● **EXERCISE GOAL**
What is needed is an exact copy of the records below, with the pictures left out.

● **DATA FOR REVIEW**
· · ·

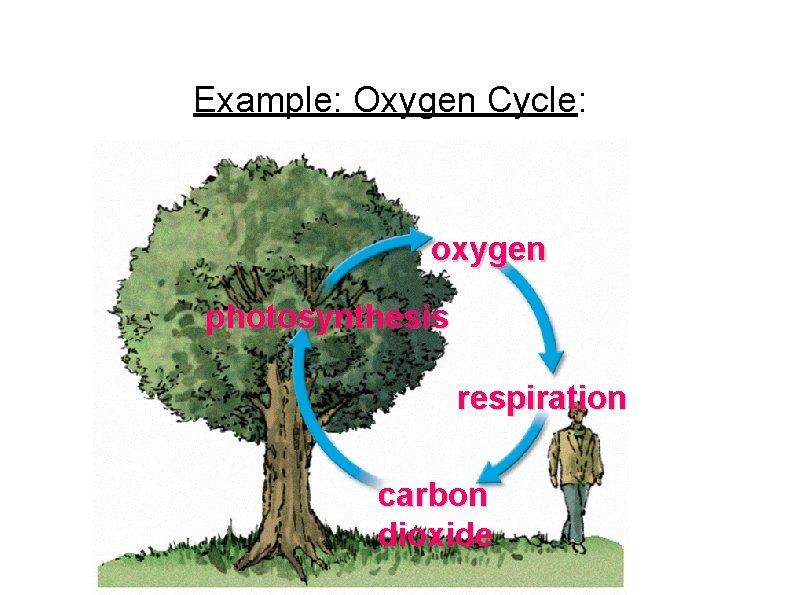 Example: Oxygen Cycle: oxygen photosynthesis respiration carbon dioxide 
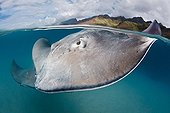 Pink whipray swimming in a lagoon French Polynesia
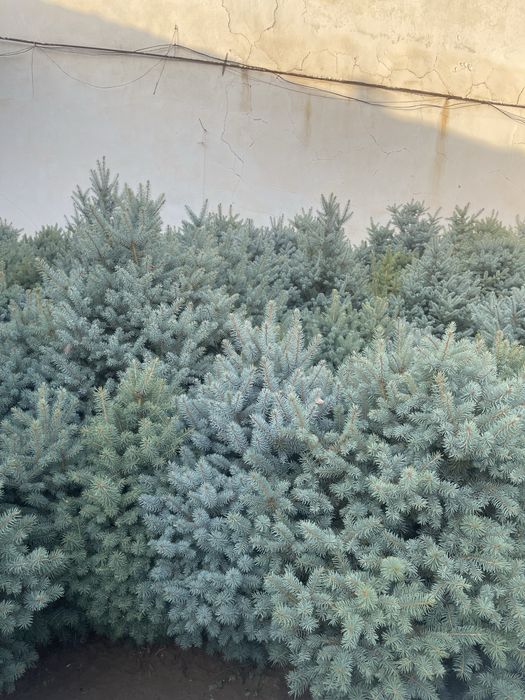 150$ Арчалар сотилади ОПТОМ! Европадан келтирилган!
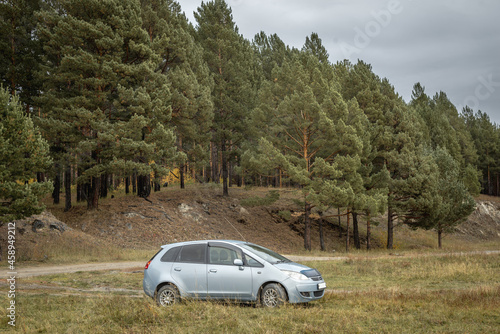 Car next to a quiet coniferous forest. Concept of travel, beautiful nature and autumn mood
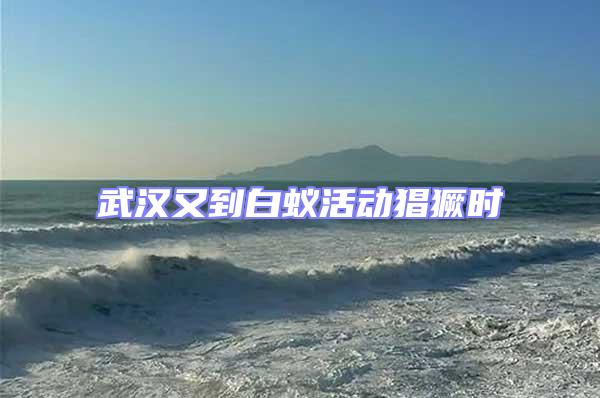 武漢又到白蟻活動(dòng)猖獗時(shí)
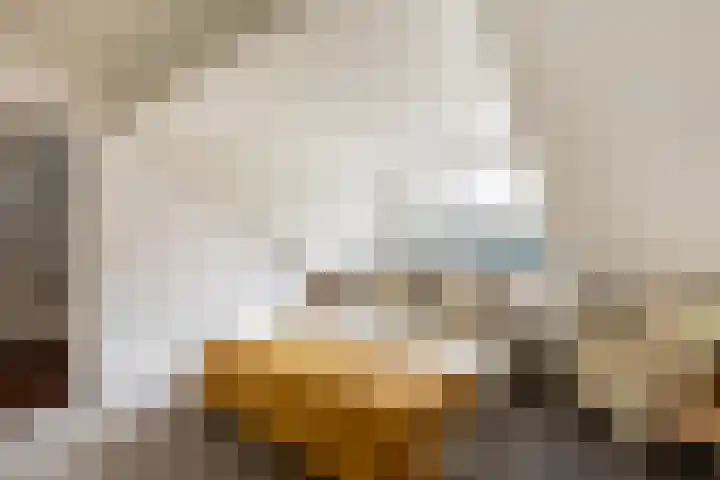 Antoon Coolenstraat 5 Helvoirt thumbnail 38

· · ·

● **TASK RESULT**
 Example: Oxygen Cycle: oxygen photosynthesis respiration carbon dioxide 
 Pink whipray swimming in a lagoon French Polynesia
 150$ Арчалар сотилади ОПТОМ! Европадан келтирилган!
 Car next to a quiet coniferous forest. Concept of travel, beautiful nature and autumn mood
 武漢又到白蟻活動(dòng)猖獗時(shí)
 Antoon Coolenstraat 5 Helvoirt thumbnail 38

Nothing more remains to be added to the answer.